* [SUPPLIED INFORMATION]:
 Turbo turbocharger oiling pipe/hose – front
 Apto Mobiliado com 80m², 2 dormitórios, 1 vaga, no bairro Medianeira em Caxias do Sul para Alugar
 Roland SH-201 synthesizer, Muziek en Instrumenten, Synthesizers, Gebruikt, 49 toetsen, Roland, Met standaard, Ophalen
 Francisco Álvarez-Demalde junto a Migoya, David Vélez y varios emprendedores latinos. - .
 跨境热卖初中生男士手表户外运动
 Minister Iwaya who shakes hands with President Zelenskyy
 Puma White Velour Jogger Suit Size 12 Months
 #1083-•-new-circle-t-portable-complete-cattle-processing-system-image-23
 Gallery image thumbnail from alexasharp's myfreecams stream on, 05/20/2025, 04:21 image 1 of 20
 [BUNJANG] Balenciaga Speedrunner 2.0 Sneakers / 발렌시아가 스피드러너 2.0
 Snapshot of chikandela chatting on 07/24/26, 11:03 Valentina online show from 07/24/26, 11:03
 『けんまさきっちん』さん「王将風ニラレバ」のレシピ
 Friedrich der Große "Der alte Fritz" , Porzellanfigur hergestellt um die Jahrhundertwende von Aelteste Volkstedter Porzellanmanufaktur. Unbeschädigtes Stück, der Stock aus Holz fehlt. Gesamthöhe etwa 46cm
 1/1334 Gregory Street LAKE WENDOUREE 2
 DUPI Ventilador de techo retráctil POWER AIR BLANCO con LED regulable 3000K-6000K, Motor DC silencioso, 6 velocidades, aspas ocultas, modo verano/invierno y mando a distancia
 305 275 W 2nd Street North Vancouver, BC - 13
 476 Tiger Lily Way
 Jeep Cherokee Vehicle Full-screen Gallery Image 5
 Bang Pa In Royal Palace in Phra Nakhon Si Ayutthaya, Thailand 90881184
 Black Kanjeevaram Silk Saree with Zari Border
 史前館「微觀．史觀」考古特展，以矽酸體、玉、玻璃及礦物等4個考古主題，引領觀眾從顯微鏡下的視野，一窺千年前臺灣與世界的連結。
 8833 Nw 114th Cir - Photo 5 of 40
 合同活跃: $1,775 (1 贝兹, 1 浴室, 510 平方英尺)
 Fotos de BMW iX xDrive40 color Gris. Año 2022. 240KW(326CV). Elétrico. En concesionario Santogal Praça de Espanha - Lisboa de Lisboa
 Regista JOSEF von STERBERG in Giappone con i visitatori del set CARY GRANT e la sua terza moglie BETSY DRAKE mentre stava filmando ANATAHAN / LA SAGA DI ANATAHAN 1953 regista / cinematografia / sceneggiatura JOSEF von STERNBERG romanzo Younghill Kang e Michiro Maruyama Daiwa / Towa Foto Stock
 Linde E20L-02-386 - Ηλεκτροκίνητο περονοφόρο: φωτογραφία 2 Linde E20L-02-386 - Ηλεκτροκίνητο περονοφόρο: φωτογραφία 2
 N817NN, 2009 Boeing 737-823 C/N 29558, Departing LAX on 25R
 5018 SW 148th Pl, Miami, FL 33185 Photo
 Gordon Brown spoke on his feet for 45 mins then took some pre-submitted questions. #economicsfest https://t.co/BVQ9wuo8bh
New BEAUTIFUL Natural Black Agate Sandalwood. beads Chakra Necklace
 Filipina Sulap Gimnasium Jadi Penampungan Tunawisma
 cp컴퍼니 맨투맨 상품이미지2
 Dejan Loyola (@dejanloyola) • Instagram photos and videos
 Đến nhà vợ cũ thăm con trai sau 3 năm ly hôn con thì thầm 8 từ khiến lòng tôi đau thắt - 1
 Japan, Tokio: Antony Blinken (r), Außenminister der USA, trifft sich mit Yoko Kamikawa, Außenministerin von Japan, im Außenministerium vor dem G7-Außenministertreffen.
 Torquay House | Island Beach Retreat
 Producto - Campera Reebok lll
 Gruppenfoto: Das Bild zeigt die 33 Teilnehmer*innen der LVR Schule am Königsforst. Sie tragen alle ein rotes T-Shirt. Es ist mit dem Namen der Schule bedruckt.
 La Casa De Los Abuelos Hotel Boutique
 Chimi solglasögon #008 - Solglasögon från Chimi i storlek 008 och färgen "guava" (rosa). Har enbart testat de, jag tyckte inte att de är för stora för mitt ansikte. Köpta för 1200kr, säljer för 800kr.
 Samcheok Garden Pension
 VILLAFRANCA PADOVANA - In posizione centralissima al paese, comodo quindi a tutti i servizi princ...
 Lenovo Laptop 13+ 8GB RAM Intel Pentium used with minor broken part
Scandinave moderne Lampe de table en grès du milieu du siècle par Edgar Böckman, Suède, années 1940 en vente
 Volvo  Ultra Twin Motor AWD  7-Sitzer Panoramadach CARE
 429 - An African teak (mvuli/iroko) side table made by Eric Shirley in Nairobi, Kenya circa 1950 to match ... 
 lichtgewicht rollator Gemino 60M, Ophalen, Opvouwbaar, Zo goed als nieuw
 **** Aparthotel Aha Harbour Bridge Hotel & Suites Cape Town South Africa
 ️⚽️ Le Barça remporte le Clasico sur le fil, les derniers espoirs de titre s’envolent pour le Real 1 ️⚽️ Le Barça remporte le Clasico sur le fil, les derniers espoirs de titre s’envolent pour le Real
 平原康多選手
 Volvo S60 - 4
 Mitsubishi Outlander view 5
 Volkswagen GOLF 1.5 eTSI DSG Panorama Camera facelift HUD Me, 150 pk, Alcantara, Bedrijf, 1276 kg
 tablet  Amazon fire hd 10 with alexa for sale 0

* [BRIEF]:
Copy every line of the material in which the word "Volvo" occurs.

* [RESULT FOR THIS EXERCISE]:
 Volvo  Ultra Twin Motor AWD  7-Sitzer Panoramadach CARE
 Volvo S60 - 4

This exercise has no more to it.